### ABOUT THIS EXERCISE
From the first line to the last, retype the records exactly and skip the pictures.

Items listed in a dataset:
####
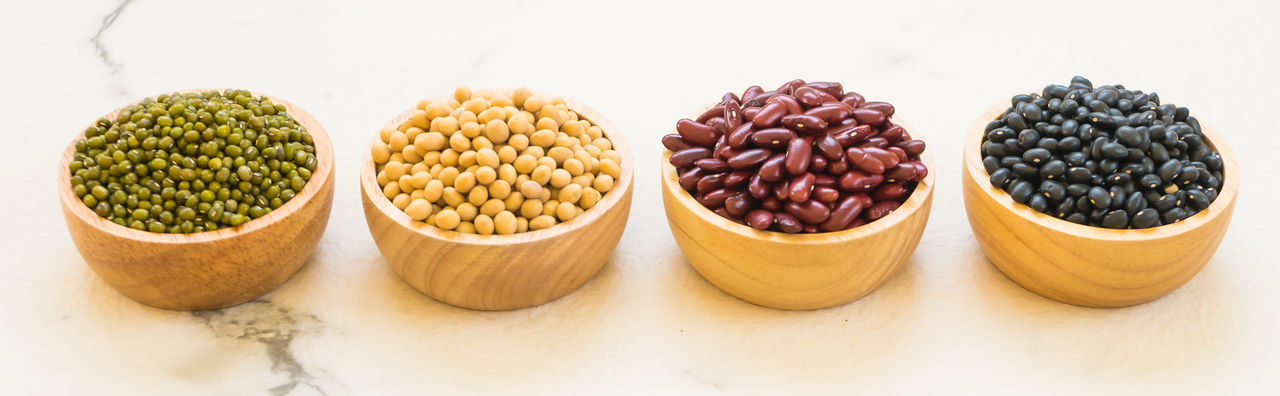 High angle view of various beans in bowls over white background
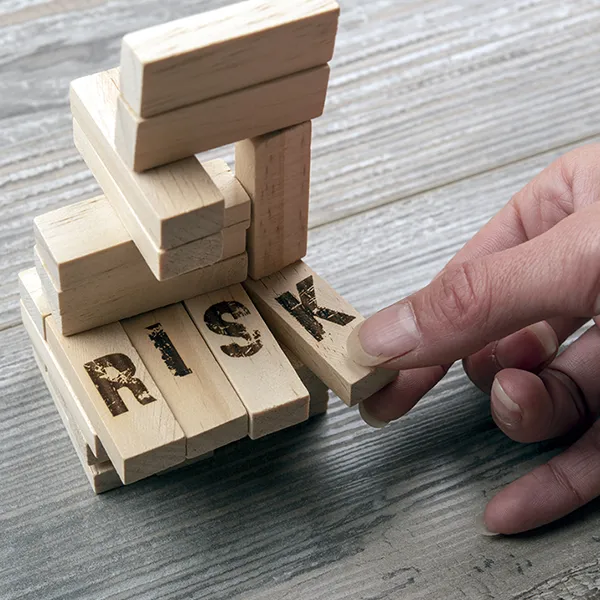 Someone about to knock over a tower of Jenga blocks. The blocks have 'RISK' written on them.
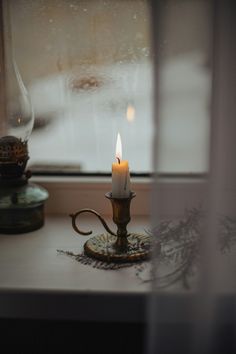 a lit candle sitting on top of a table next to a glass window sill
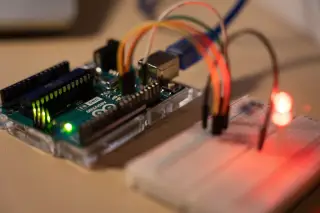 Ilustrasi: Papan mikrokontroler Arduino terhubung ke breadboard dengan kabel dan lampu LED menyala.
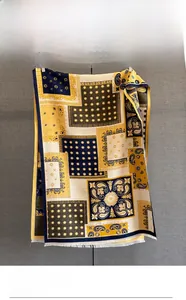 Detail of color-block paisley jacquard scarf featuring fringe edges and ethnic patterns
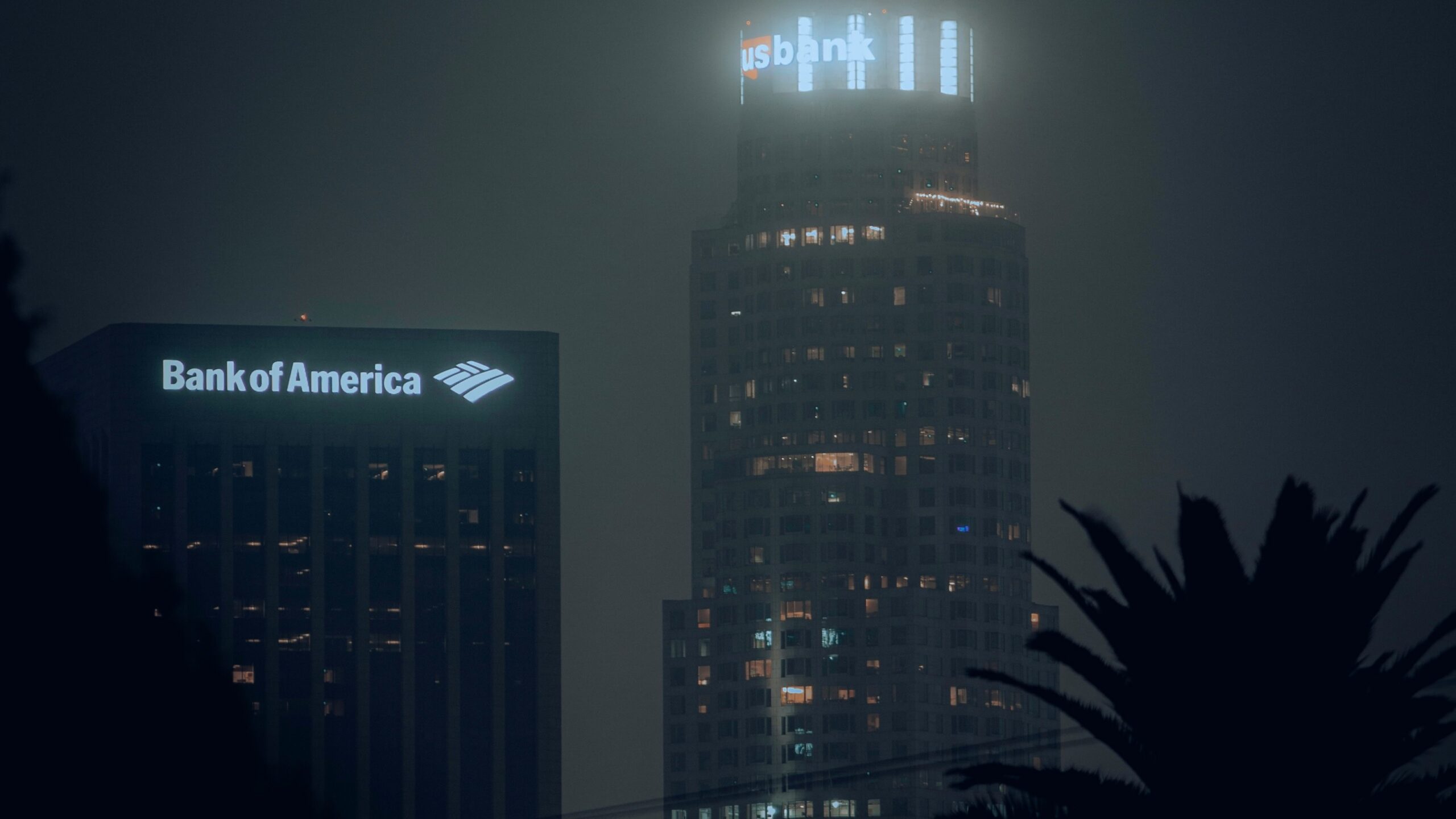 the bank of america building is lit up at night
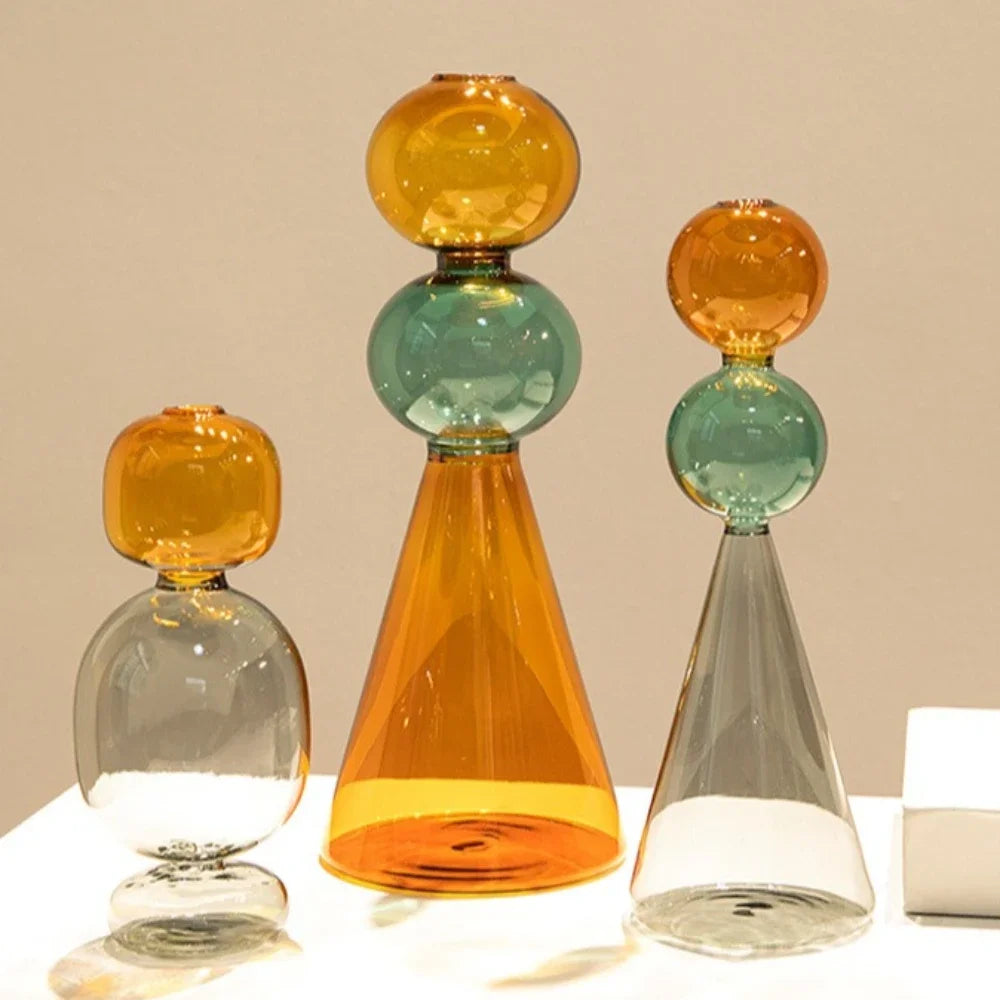 Vase en verre double paroi coloré, culture hydroponique - Nesty - Trois tailles empilées ambré-vert, ambré-gris et ambré-gris seul, sur une table beige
####
### WRITTEN ANSWER
 High angle view of various beans in bowls over white background
 Someone about to knock over a tower of Jenga blocks. The blocks have 'RISK' written on them.
 a lit candle sitting on top of a table next to a glass window sill
 Ilustrasi: Papan mikrokontroler Arduino terhubung ke breadboard dengan kabel dan lampu LED menyala.
 Detail of color-block paisley jacquard scarf featuring fringe edges and ethnic patterns
 the bank of america building is lit up at night
 Vase en verre double paroi coloré, culture hydroponique - Nesty - Trois tailles empilées ambré-vert, ambré-gris et ambré-gris seul, sur une table beige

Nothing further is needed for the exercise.